Judge removed after scathing order
By Chris Casteel
Published: July 12, 2006
Overseer of Indian trust accounts to change over bias against government, court rules.
The federal judge who presided for 10 years over a contentious Indian trust fund case was removed by a
U.S. appeals court on Tuesday.
The decision came a year after
U.S. District Judge Royce C. Lamberth issued a scathing order in the case, saying the
Interior Department’s actions were “shot through with bureaucratic blunders, flubs, goofs and foul-ups, and peppered with scandals, deception, dirty tricks and outright villainy — the end of which is nowhere in sight.”
Interior attorneys brought the appeal, saying they no longer believed Judge Lamberth could impartially oversee the case.
The
U.S. Court of Appeals for the District of Columbia Circuit agreed.

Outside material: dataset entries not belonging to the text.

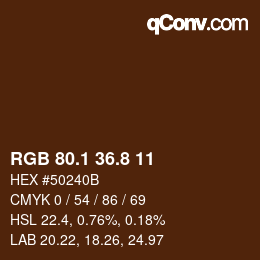 Color code: RGB 80.1 36.8 11 | qconv.com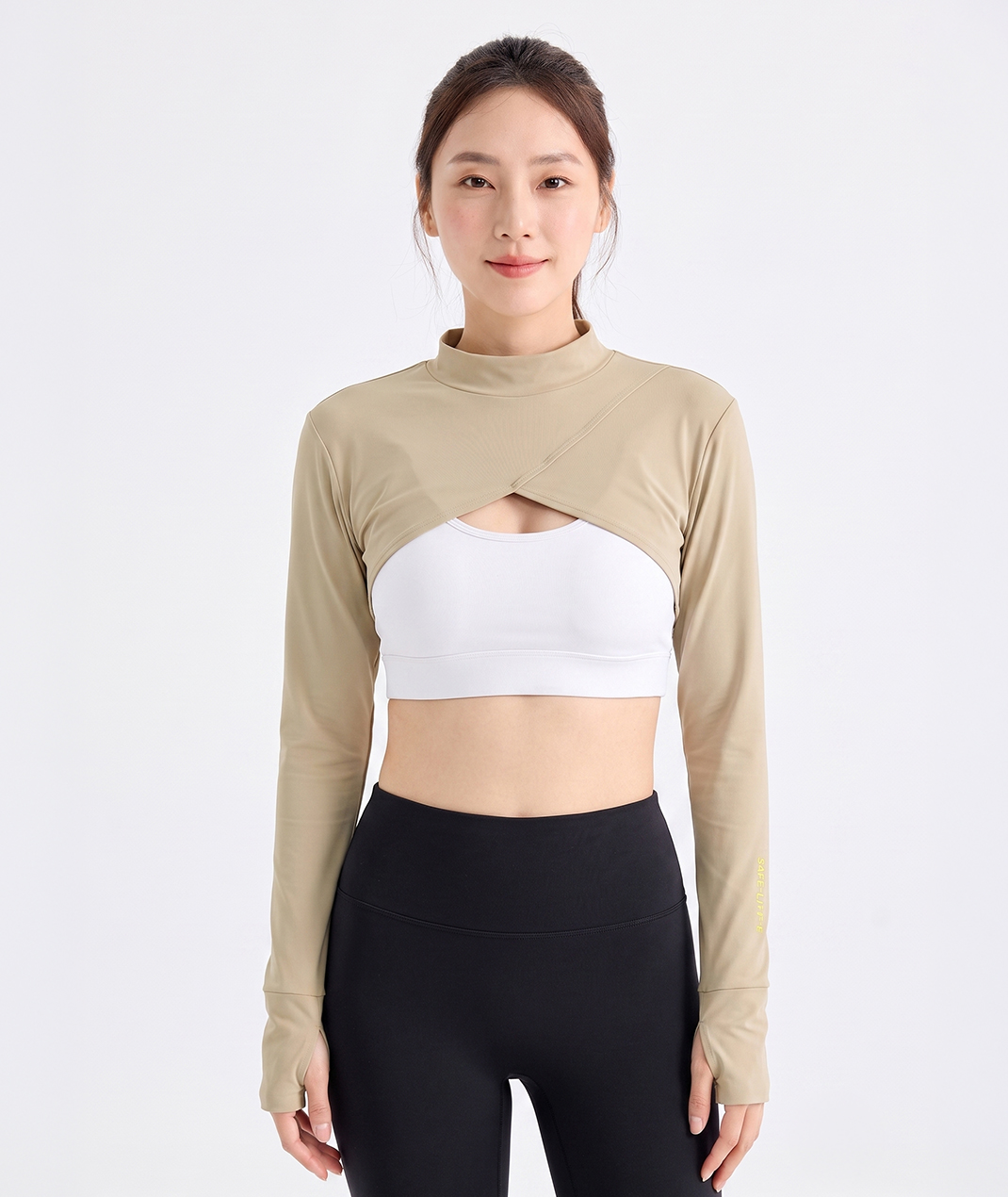 抗UV-涼感水母戲水小高領短版合身上衣-女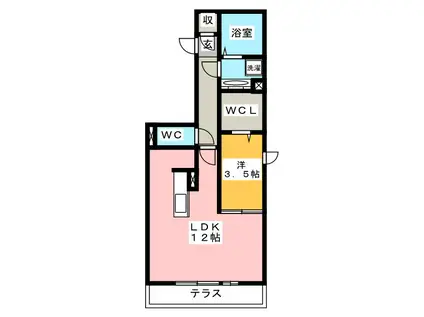 ＪＲ東海道本線 岐阜駅 徒歩8分 3階建 築5年(1LDK/1階)の間取り写真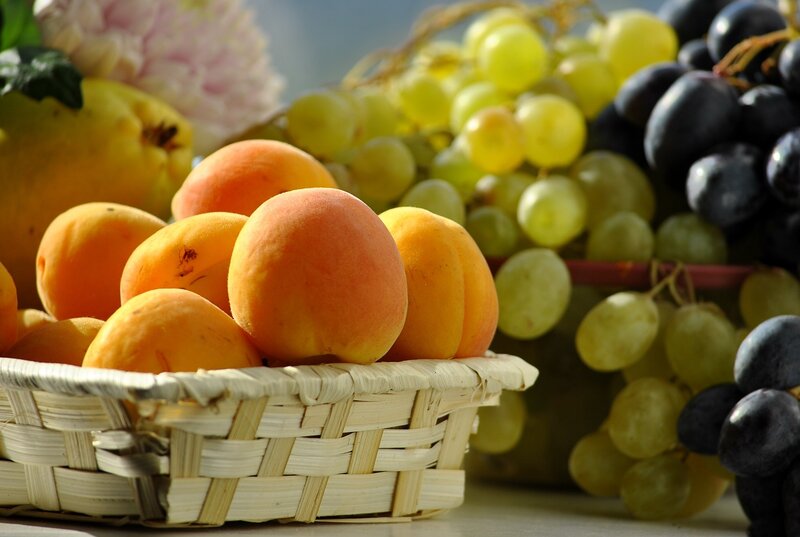 Basket of Apricots and Grapes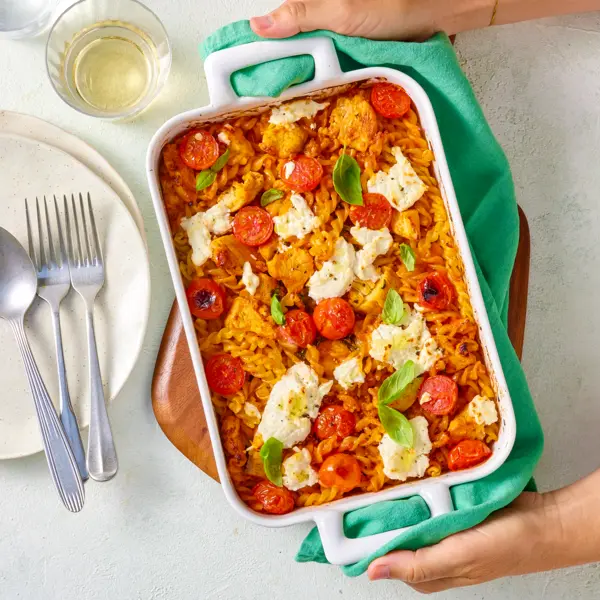 Gratin de torti au poulet et pesto rosso au chèvre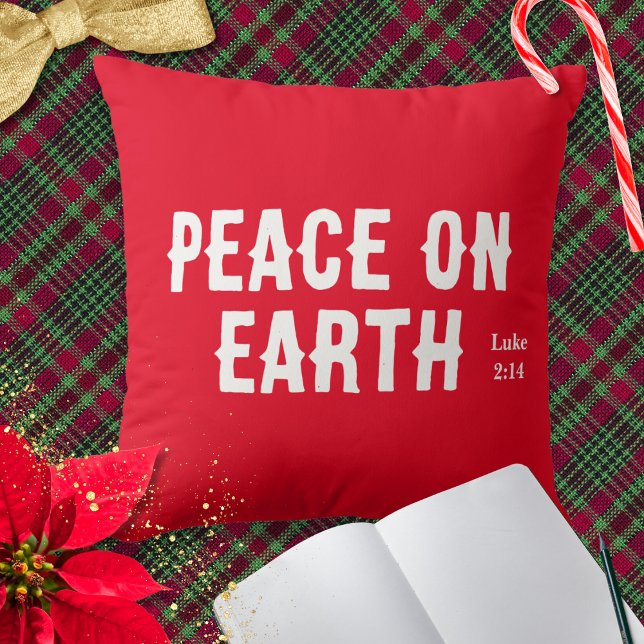 Peace on Earth Bible Verse Red Modern Christmas Throw Pillow (A festive Christmas throw pillow cushion with 'Peace on Earth' words, in white on red)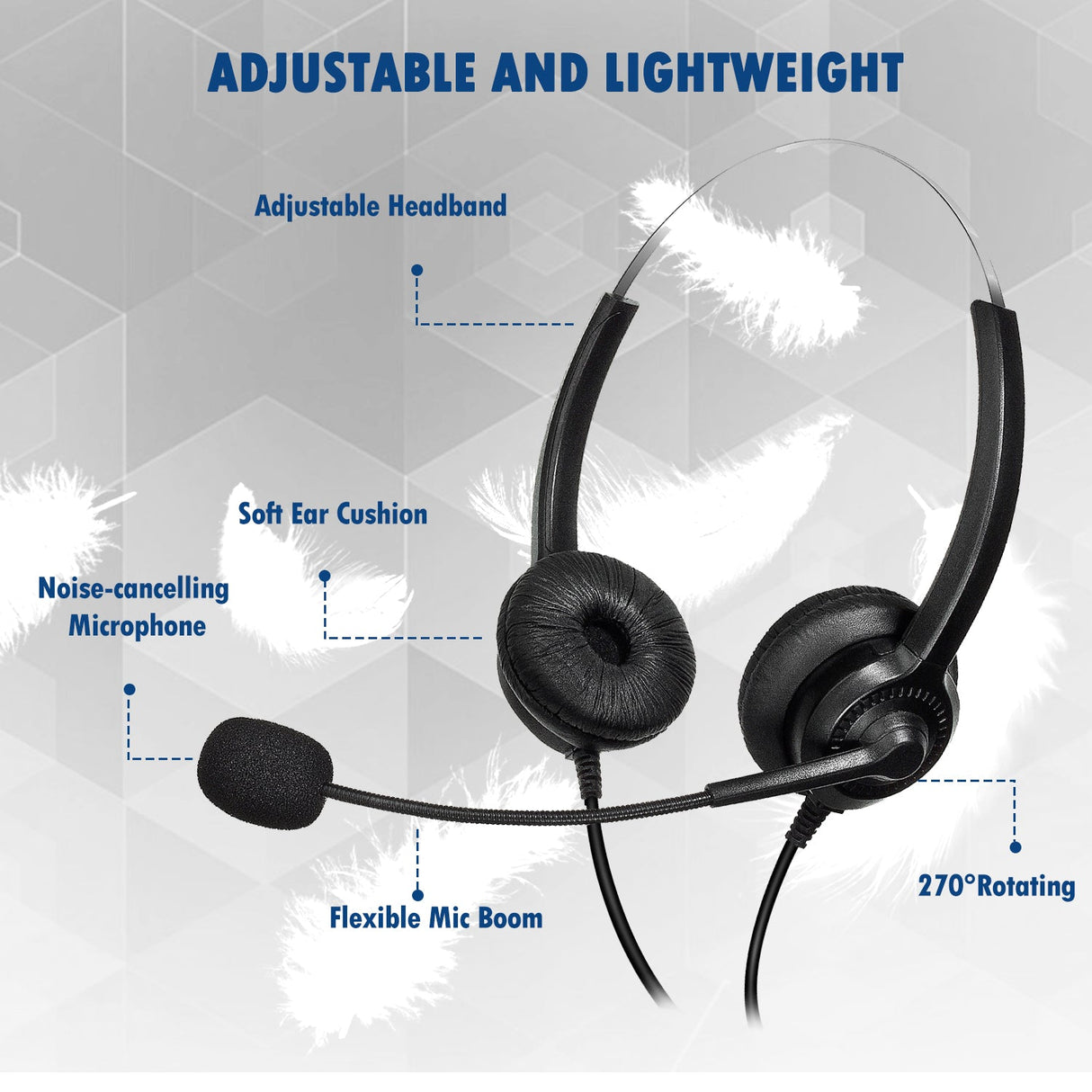 Wantek® h302 best price RJ9【RJ1】 wired binaural headset for phone - iwantekWantek® h302 best price RJ9【RJ1】 wired binaural headset for phone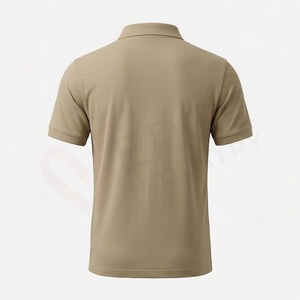 <b>Men's</b> <b>Khaki</b> Short Sleeve 100% Cotton Pique Polo <b>Shirt</b> Casual Breathable Regular Fit Solid Knitted Design - Product Image 2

Justices said Lamberth, in his July 2005 order, suggested Interior officials were racist and made other statements that “go beyond criticizing Interior for its serious failures as trustee and condemn the department as an institution.”
Besides ordering that the case be assigned to another judge, the appeals court reversed Lamberth’s order disconnecting parts of the Interior Department from the Internet and a separate order requiring the department to warn Indian trust account holders about the reliability of financial information.
While ruling that Lamberth had overstepped his bounds, the appeals court did not condone the Interior Department’s actions in the long-running dispute over the management of some Indians’ money, including that of an estimated 53,000 Oklahomans with individual trust accounts.
“To be sure, Interior’s deplorable record deserves condemnation in the strongest terms,” the decision states.
The appeals court said assigning a new judge presented an opportunity for “a fresh start.”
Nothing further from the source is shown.